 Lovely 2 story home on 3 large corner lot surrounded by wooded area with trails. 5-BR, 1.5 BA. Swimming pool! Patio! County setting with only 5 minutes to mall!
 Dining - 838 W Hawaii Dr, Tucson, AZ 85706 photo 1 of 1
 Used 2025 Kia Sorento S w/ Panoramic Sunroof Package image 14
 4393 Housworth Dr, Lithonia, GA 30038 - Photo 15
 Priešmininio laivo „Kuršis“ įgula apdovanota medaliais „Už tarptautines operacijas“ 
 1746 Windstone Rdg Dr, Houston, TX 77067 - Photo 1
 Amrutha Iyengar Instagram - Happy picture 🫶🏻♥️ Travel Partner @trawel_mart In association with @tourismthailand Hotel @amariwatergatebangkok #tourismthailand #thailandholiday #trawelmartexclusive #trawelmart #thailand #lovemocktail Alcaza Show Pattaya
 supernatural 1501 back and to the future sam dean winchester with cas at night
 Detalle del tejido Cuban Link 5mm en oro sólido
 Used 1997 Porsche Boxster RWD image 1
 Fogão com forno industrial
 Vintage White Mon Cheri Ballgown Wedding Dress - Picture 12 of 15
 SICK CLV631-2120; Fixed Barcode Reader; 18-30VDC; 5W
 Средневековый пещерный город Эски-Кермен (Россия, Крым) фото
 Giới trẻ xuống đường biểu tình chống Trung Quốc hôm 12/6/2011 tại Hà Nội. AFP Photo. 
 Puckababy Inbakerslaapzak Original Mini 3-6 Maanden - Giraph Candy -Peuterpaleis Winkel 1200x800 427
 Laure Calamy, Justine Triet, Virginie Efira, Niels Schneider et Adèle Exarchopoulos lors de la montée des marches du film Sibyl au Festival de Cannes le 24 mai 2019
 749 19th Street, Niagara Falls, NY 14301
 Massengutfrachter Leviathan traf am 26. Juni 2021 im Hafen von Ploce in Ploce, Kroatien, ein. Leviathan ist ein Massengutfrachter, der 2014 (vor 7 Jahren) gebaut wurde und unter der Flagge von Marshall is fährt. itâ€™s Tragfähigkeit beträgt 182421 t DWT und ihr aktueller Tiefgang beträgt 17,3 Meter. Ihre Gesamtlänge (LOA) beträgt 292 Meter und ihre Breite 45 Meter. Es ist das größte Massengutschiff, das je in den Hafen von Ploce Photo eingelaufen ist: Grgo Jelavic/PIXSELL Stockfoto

**********

Filter the listing for the word "Used" and copy each line that has it.

 Used 2025 Kia Sorento S w/ Panoramic Sunroof Package image 14
 Used 1997 Porsche Boxster RWD image 1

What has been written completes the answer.